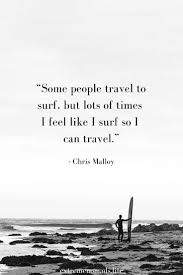 It's a culmination of your life of surfing when. 35 Unusual Surf Quotes On Life Travel Love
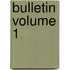 Bulletin Volume 1
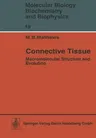 Connective Tissue: Macromolecular Structure and Evolution (Softcover Reprint of the Original 1st 1975)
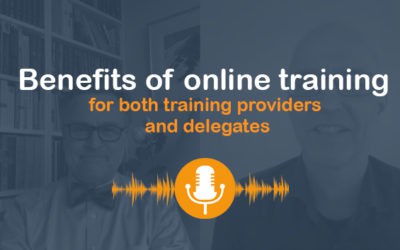 Benefits of Online Training – For Both Training Providers and Delegates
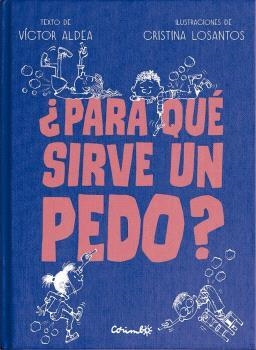 PARA QUÉ SIRVE UN PEDO? | 9788484706472 | ALADEA, VÍCTOR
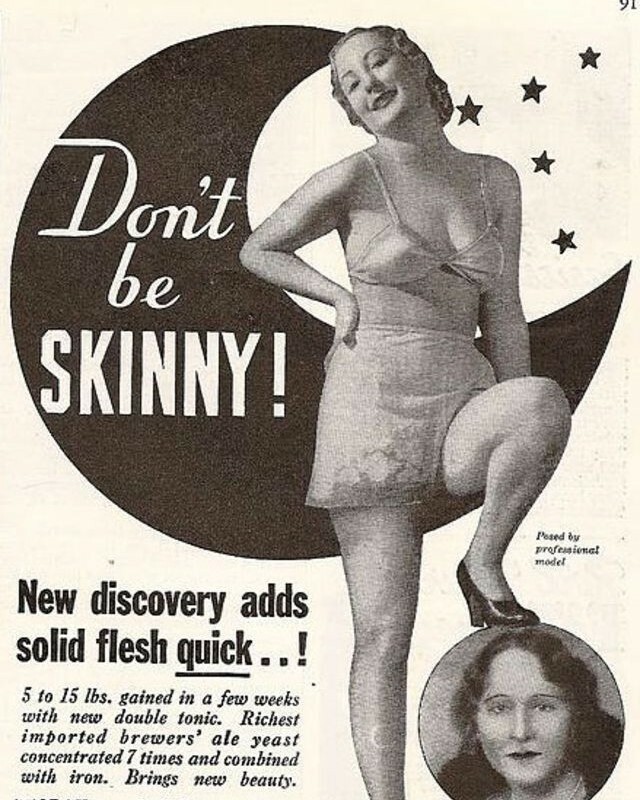 “Ne sois pas maigre !”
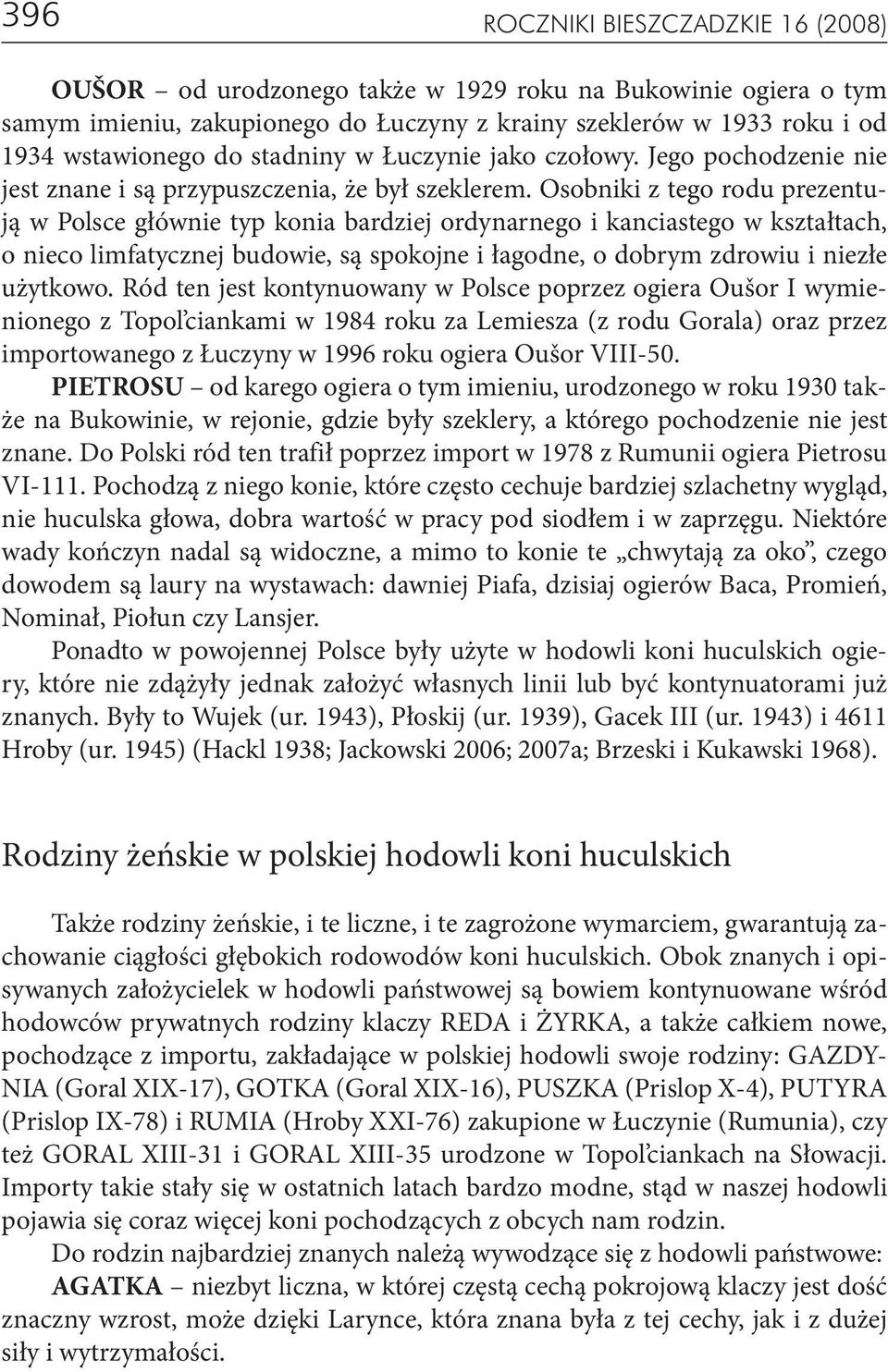 Osobniki z tego rodu prezentują w Polsce głównie typ konia bardziej ordynarnego i kanciastego w kształtach, o nieco limfatycznej budowie, są spokojne i łagodne, o dobrym zdrowiu i niezłe użytkowo.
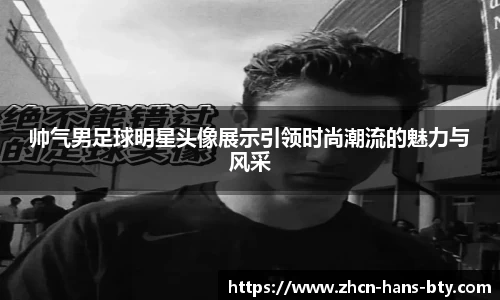 帅气男足球明星头像展示引领时尚潮流的魅力与风采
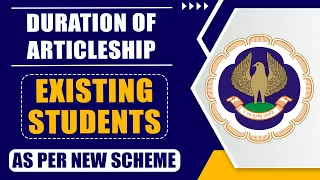 CA Articleship 24 under New Scheme | Duration of Articleship For CA Inter Students | ICAI New Scheme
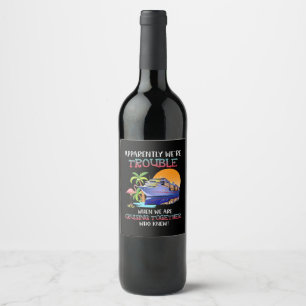 Were Trouble When We Are Cruising Toger Flamingo Wine Label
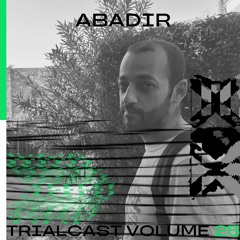 TRIALCAST VOLUME 25 - ABADIR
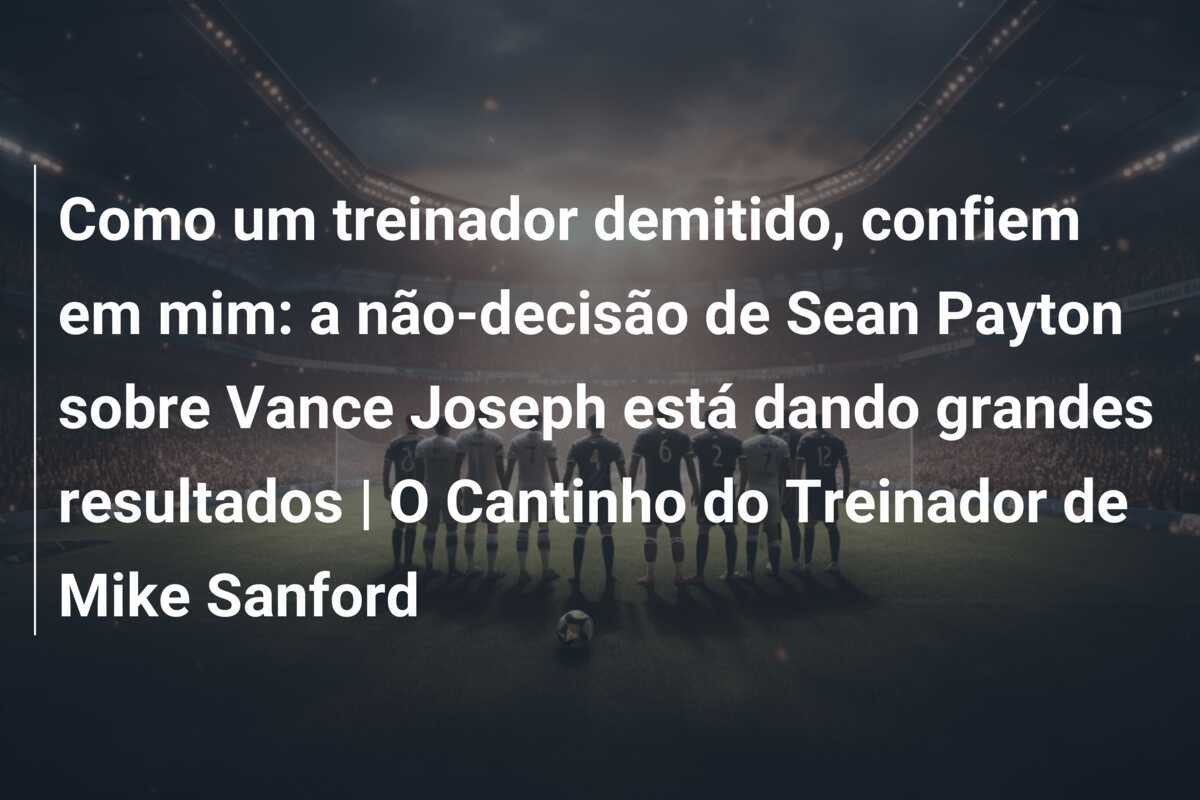 Como um treinador demitido, confiem em mim: a não-decisão de Sean Payton sobre Vance Joseph está dando grandes resultados | O Cantinho do Treinador de Mike Sanford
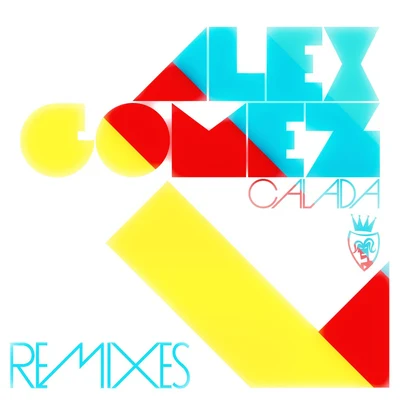 Alex GomezCalada (Remixes)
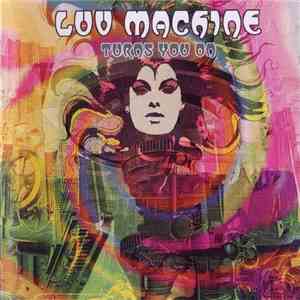 Luv Machine - Turns You On FLAC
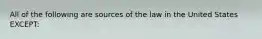 All of the following are sources of the law in the United States EXCEPT:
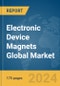 Electronic Device Magnets Global Market Report 2024 - Product Image
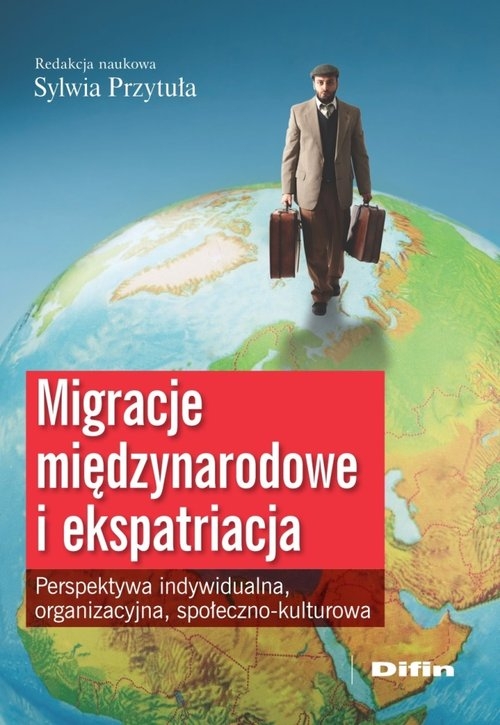 Migracje międzynarodowe i ekspatriacja. Perspektywa indywidualna, organizacyjna, społeczno-kulturowa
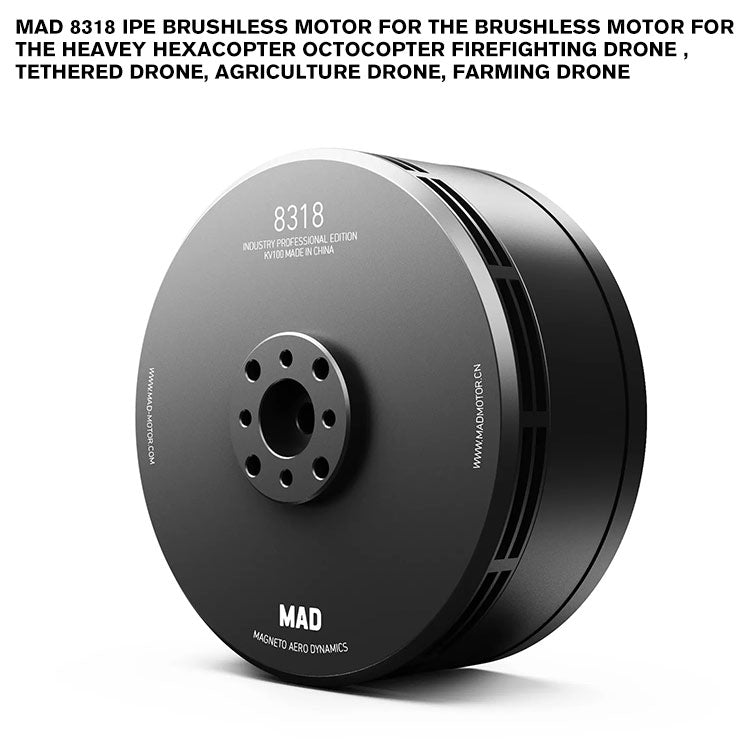 MAD 8318 IPE Brushless Motor For The Brushless Motor For The Heavey Hexacopter Octocopter Firefighting Drone , Tethered Drone, Agriculture Drone, Farming Drone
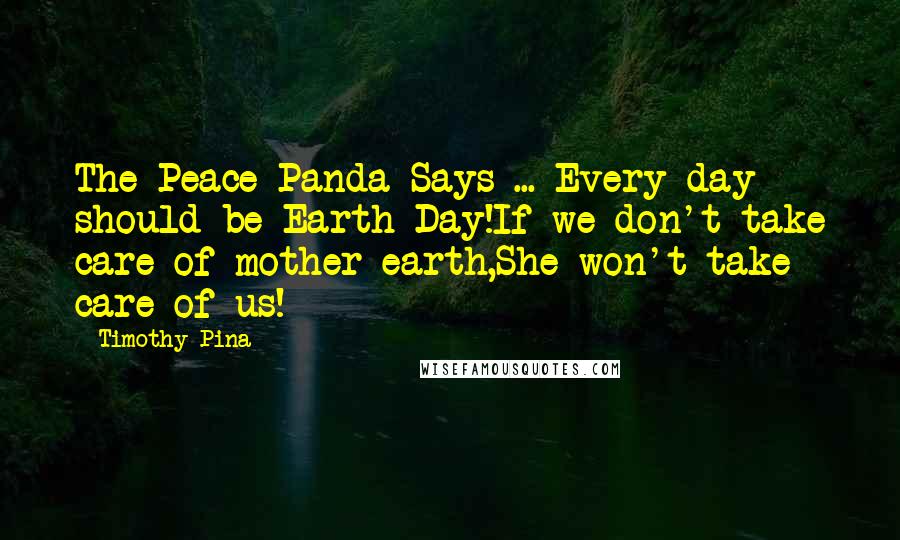 Timothy Pina Quotes: The Peace Panda Says ... Every day should be Earth Day!If we don't take care of mother earth,She won't take care of us!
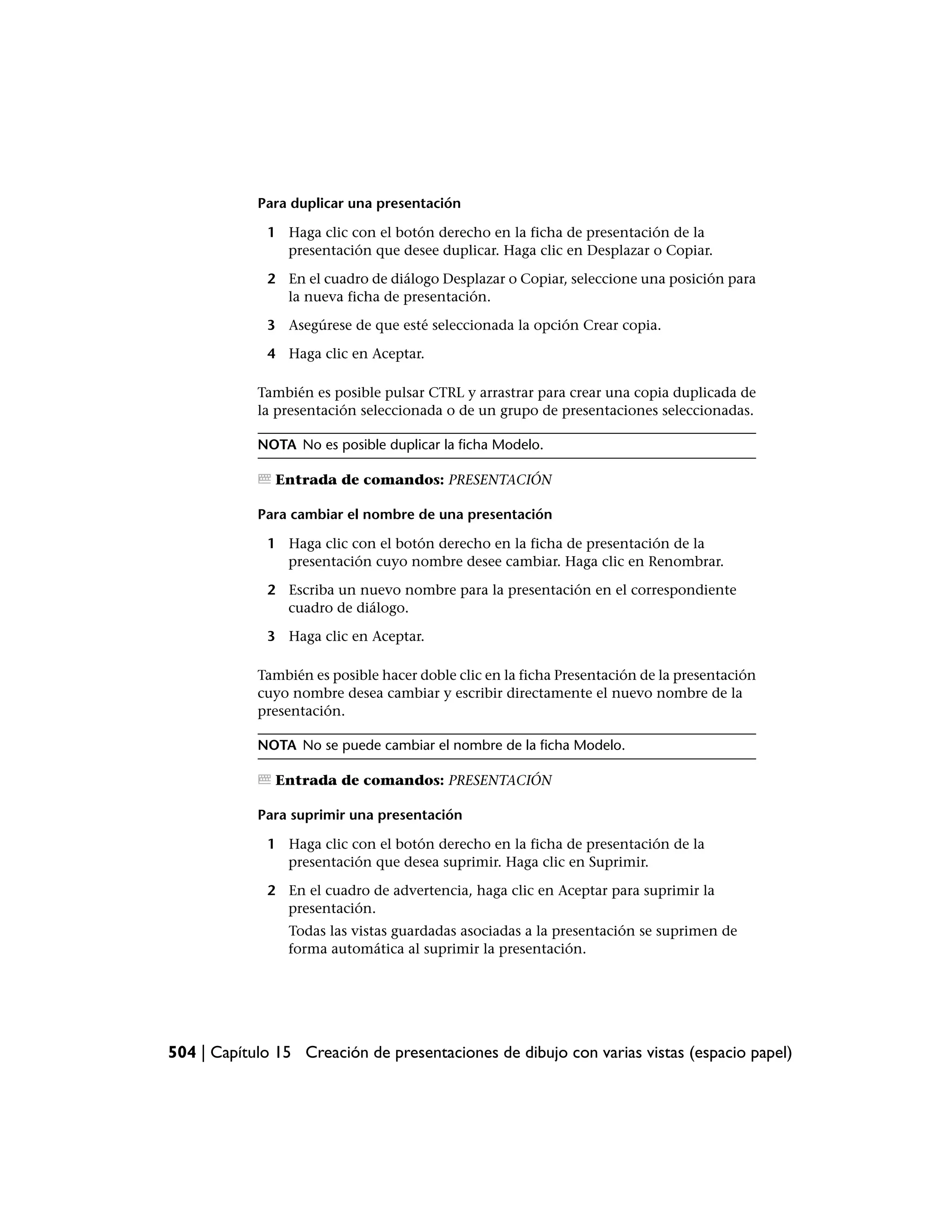 Para duplicar una presentación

What the exercise asks => Your output should be the records above, duplicated exactly and picture-free.

Task output =>
 It's a culmination of your life of surfing when. 35 Unusual Surf Quotes On Life Travel Love
 Bulletin Volume 1
 Connective Tissue: Macromolecular Structure and Evolution (Softcover Reprint of the Original 1st 1975)
 Benefits of Online Training – For Both Training Providers and Delegates
 PARA QUÉ SIRVE UN PEDO? | 9788484706472 | ALADEA, VÍCTOR
 “Ne sois pas maigre !”
 Osobniki z tego rodu prezentują w Polsce głównie typ konia bardziej ordynarnego i kanciastego w kształtach, o nieco limfatycznej budowie, są spokojne i łagodne, o dobrym zdrowiu i niezłe użytkowo.
 帅气男足球明星头像展示引领时尚潮流的魅力与风采
 CA Articleship 24 under New Scheme | Duration of Articleship For CA Inter Students | ICAI New Scheme
 Were Trouble When We Are Cruising Toger Flamingo Wine Label
 TRIALCAST VOLUME 25 - ABADIR
 Como um treinador demitido, confiem em mim: a não-decisão de Sean Payton sobre Vance Joseph está dando grandes resultados | O Cantinho do Treinador de Mike Sanford
 Alex GomezCalada (Remixes)
 Luv Machine - Turns You On FLAC
 All of the following are sources of the law in the United States EXCEPT:
 Electronic Device Magnets Global Market Report 2024 - Product Image
 Migracje międzynarodowe i ekspatriacja. Perspektywa indywidualna, organizacyjna, społeczno-kulturowa
 MAD 8318 IPE Brushless Motor For The Brushless Motor For The Heavey Hexacopter Octocopter Firefighting Drone , Tethered Drone, Agriculture Drone, Farming Drone
 Timothy Pina Quotes: The Peace Panda Says ... Every day should be Earth Day!If we don't take care of mother earth,She won't take care of us!
 Para duplicar una presentación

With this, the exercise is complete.